5G SAMU (5G Signals and Multiple Exposures: Searching for Cellular and Molecular Effects) is funded by ANSES and focuses on the stress in the mitochondrial and the endoplasmic reticulum in cultured skin cells exposed to a 5 GHz signal at 3.5 GHz. It will be completed by the end of 2023.
The Nouvelle Aquitaine council funded SEVES (Conception de Systèmes d’Expositions à Vingt-six GHz pour Evaluation d’Effets biologiqueS chez l’animal ou les cellules) is supporting the 2 following projects, through its participation to the recruitment of 2 post-doctoral students.
5G expOsure, causaL effects, and rIsk perception through citizen engAgemenT(2022-2027)
Our contribution within Goliat rely on the Concept 7 of the project :
Using an integrative approach including in vitro, in vivo, humans, and in silico experiments will help to estimate valid causal effects in RF-EMF biological research.
Within GOLIAT, we will contribute to this innovative integrative approach with in vitro and in vivo experiments to understand the potential causal biological effects of 5G exposure. This approach will be applied to study the 3 main biological outcomes that emerged from the literature review as the most plausible 5G RF-EMF targets: brain function (WP4), thermoregulation, and radical stress (WP5). In vitro experiments (2D skin cell cultures) will allow for testing human cells and biological endpoints of relevance for human health, in relation to 5G (0.7 ; 3.5, and 26 GHz), with a wide range of exposure conditions (WP3). Direct and indirect effects of 5G will then be tested, for instance, to assess whether a primary biological effect such as the production of ROS can lead to toxicological effects such as programmed cell death (i.e. apoptosis). With regards to the basic biophysical interaction of 5G with the life matter leading to tissue heating, in vivo experiments are of utmost importance in this field as the physiological thermoregulation process controls the temperature increase by contrast to cells in a culture incubator (where cell heating is one possible bias). Regarding brain function, we will apply a battery of behavioural and cognitive tests in mice. We consider rodents an appropriate choice due to the high degree of evolutionary conservation of the basic mechanisms of brain structure and development, of maturation between rodents and humans and the relatively fast development of their brain.
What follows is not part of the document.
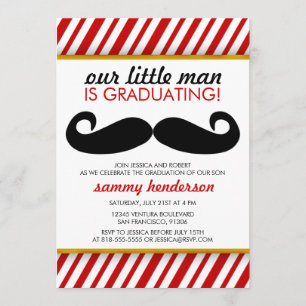 Invitation de graduation pour garçon Mustache mode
Together with molecular/atomistic simulations in silico approaches (that offer the potential of uniquely detailed, atomic-level insight into mechanisms, dynamics, and processes) and human experiments (the gold standard models for human health risk assessment), our work will be conducted to validate our hypothesis on the effects of RF-EMF on radical stress, brain functions, and thermoregulation.
Exposure To electromAgneticfIelds and plaNetary health(2022-2027)
Our contribution within ETAIN is relative to the objective 5/ WP5 of the project, which addresses possible long-term effects of RF-EMF exposure (5 G signals at 3.5 and 26 GHz) on human health, with skin and the eye becoming particularly relevant biological targets.
RF-EMF tissue heating due to dielectric-relaxation is a well characterized effect but other mechanisms such as oxidative stress in cells and whole organisms are controversially debated questions (ongoing WHO systematic review, SCENIHR 2013). The production of reactive oxygen species (ROS)plays a key role in both health and disease. They are secondary messengers of many cellular functions (e.g., mitochondrial respiratory processes, immune defence) but also induce alterations participating in the pathogenesis of diseases (e.g., cancer, neurodegenerative diseases) and in ageing, through the induction of inflammation and DNA damage, among other events.
ETAIN will be performed in compliance with the 3R (Replace, Reduce, Refine) rule concerning the reduction of animal experimentation. We will determine in real-time whether RF-EMF impact ROS production and the DNA damage response in live human skin cells. We will use 3D-cell cultures, which, in comparison with cells grown in 2D on flat surfaces, reproduce more accurately tissue structure (each cell interacts with adjacent cells via the formation of junctions ensuring cellular cohesion and communication). The presence of ROS and/or the expression of genes involved in ROS signaling will then be assessed in 3D-skin and -eye models (and in the Drosophila model; University of Montpellier). We will finally investigate how the cell functionality could be impacted by assessing parameters such as apoptosis, changes in the extracellular matrix structures (IPBS, Toulouse), and the inflammatory process.
We will also use transcriptomics to screen, for the first time, the biological effects at the gene expression level and provide a picture of the potential effects of a 26 GHz signal in the 3D human skin model (Eindhoven University as subcontractor). Moreover, using the emerging metabolomicstechnique, we will test whether exposure at 26 GHz could impact the endo- and extra-cellular extracts metabolome of reconstructed human skin, and produce, among others, oxidative derivatives.
ETAIN will be able to conclude whether there is a causal link between exposure to 5G RF-EMF and adverse effects on skin and the eye in relation with oxidative stress.